Kızlar özellikle bireysel sporlarda bela gibi. Turnuvalara gidiyoruz, bayan erkek maç oluyor. Yenildiği gün kız “Müsait misin, buluşalım mı?” diye yazıyor mesela. Sizin de ertesi günü maçınız oluyor bir şey diyemiyorsunuz. İnsanın aklı karışıyor.  

Peki kız arkadaşın yok mu?

Yok. Uzak duruyorum artık o işlerden çünkü tenisimin önüne geçtiğini düşünüyorum. Olmuyor, çalışmaları kötü etkiliyor. Sadece tenise konsantre oluyorum. Hayatım belli, her gün tenis. 

Şimdi gençler arasında YouTuber modası var.

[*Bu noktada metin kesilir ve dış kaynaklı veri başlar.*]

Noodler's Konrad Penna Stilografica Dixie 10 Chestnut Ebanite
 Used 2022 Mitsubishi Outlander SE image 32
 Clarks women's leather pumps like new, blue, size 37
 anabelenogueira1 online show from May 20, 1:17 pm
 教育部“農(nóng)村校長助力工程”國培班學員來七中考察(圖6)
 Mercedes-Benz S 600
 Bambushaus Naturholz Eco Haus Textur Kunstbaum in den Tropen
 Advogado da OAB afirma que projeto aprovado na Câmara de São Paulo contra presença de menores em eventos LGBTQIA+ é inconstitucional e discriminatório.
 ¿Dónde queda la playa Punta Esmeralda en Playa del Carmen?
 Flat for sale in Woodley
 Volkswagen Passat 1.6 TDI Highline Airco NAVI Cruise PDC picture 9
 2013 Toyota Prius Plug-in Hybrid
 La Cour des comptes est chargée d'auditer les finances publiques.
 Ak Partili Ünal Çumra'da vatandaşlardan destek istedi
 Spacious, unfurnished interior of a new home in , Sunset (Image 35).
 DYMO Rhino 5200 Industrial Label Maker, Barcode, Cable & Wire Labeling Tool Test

Takip ediyor musun sen de?

Evet, benim de takip ettiğim YouTuber’lar var. Kafalar Kanalı’nı, Orkun Işıtmak’ı severek izliyorum. 

Hayalim olimpiyatları kazanmak

Bundan sonraki hayalin nedir?

Hayalim olimpiyatları kazanmak. En kötü olimpiyatlardan bir madalya alabilmek. 

Takip ettiğin tenisçi var mı?

Novak Djokoviç, Stanislas Wawrinka, Fernando Verdasco’yu ayrı seviyorum. Angelique Kerber’le Gilles Simon’u çok beğeniyorum. Federe, Nadal, Djokoviç’le karşılıklı oynamayı isterim. Elli kişi sayarım aslında.

Para kazanıyor musun?

Henüz değil. Çok masraflı bir spor. Bir raket 1000 TL ve bende 15 tane var. 15 bin TL sadece rakete gidiyor. Her maçta beş raket kullanıyorum. 

Gençlere ne önerirsin?

Herkesin önceliği ya okul ya da spordur, birini tercih edersiniz. Hangisini seçiyorlarsa bir hedef belirlesinler, hayal kursunlar ve o hayalin peşinden gitsinler. Asla pes etmesinleri her zaman çalışsınlar.